Par conséquent, chez Valéry, ni son œuvre, ni sa vie ne peuvent se comprendre, si ce n’est en fonction de ces Cahiers qui constituèrent une réserve de textes et d’idées, une sorte de « base de données personnelles » où il puisa tout au long de sa vie. La réflexion sur l’architecture n’y déroge pas. Elle est à la fois constituante et constitutive de la recherche et de la méthode.

L’écrivain, tel Léonard de Vinci l’un de ses modèles, a cherché, sous des formes différentes, dans son œuvre, ses Cahiers, ses feuillets, ses dessins, quelles pouvaient être les chances d’une pensée qui, bien qu’inspirée par le désir de construire et orientée vers le monde des artefacts matériels, ne serait pas captive des seuls mots d’ordre de l’industrie et de l’idéologie ingénieuriale. Il s’est tourné vers l’architecture comme modèle en raison de la tradition intellectuelle et artistique qui la caractérise, et du lien qui unit, à chaque époque, la production du bâti à celle de la conception de l’espace public.
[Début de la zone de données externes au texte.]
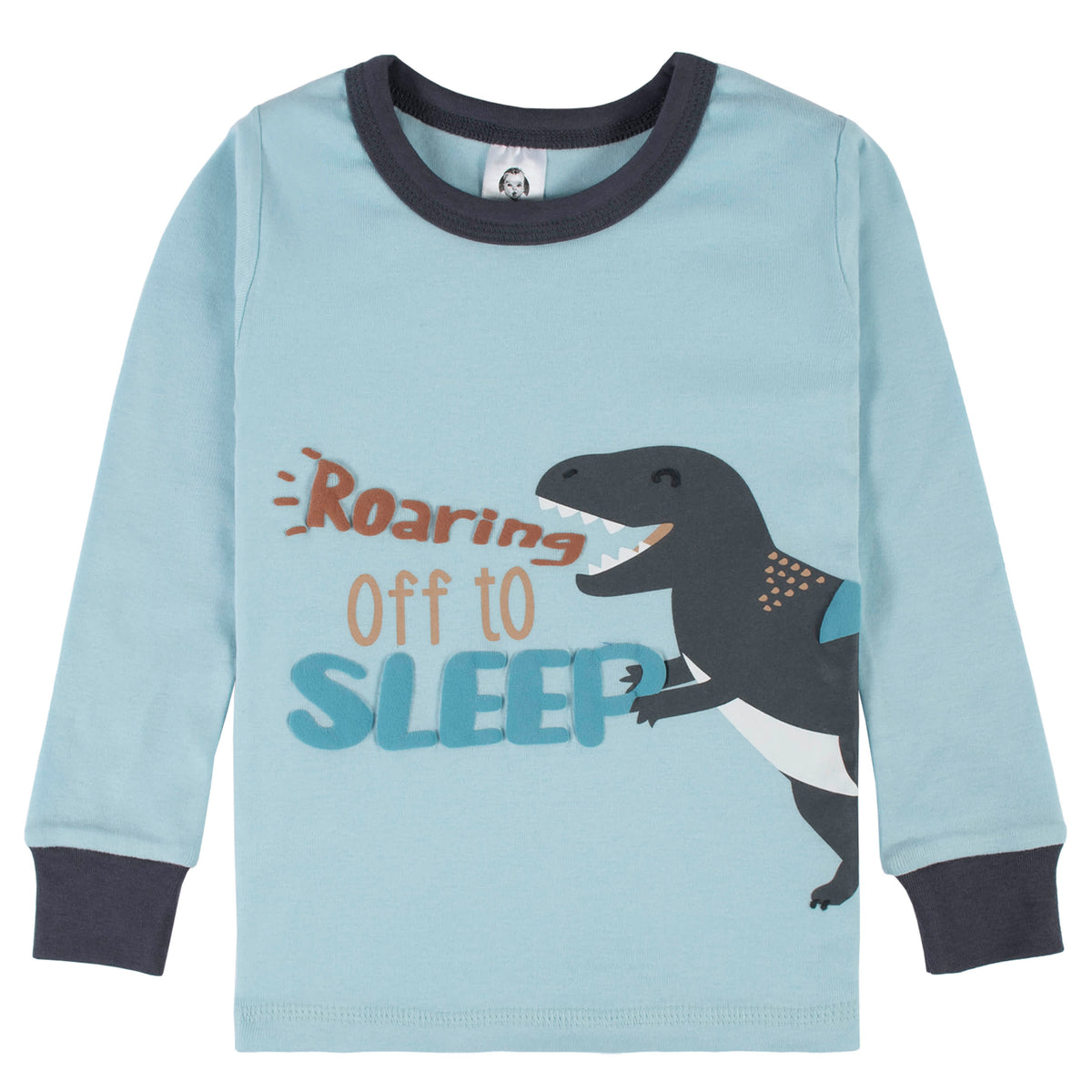 4-Piece Infant & Toddler Boys Dino Blues Snug Fit Cotton Pajamas, view 5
5. L’œuvre et les personnages iconiques

« L’architecture a tenu une grande place dans les premières amours de (son ) esprit. »22 Par ses biographes, on sait que lycéen à Montpellier, ses deux ouvrages préférés sont la Grammaire de l’ornement par Owen Jones et le Dictionnaire raisonné de l’architecture française, par Eugène Viollet Le Duc. En 1887, c’est l’architecte Giuseppe Parodi qui l’initie à la compréhension des vieux quartiers gênois. Trois personnages iconiques dans son œuvre représentent l’architecte : Orphée, Eupalinos, Amphion.
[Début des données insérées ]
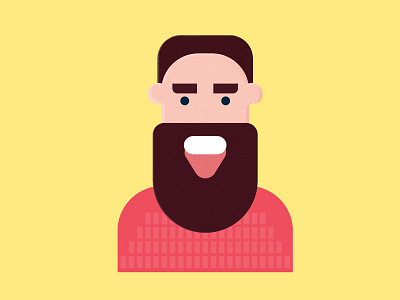 Flat Design Character - Face illustrations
21. « Je suis un poète qu’une grande partie des choses réputées poétiques touche peu et ennuie. Il m’est arrivé de m’en servir mais à regret […]. Ce qui me communique l’état chantant, je l’ai trouvé en général bon pour moi seul et changé en observations privées » XV, 875. Par ailleurs, Valéry déclare « je n’ai pas de souvenirs d’enfance. En somme le passé est pour moi aboli dans sa structure chronologique et narrable. J’ai le sentiment invincible que ce serait perdre mon temps que de retrouver le temps perdu. » Œ.I, Introduction biographique, p.60.

22. Œ. II, Pièces sur l’art, « Histoire d’Amphion », p. 1277.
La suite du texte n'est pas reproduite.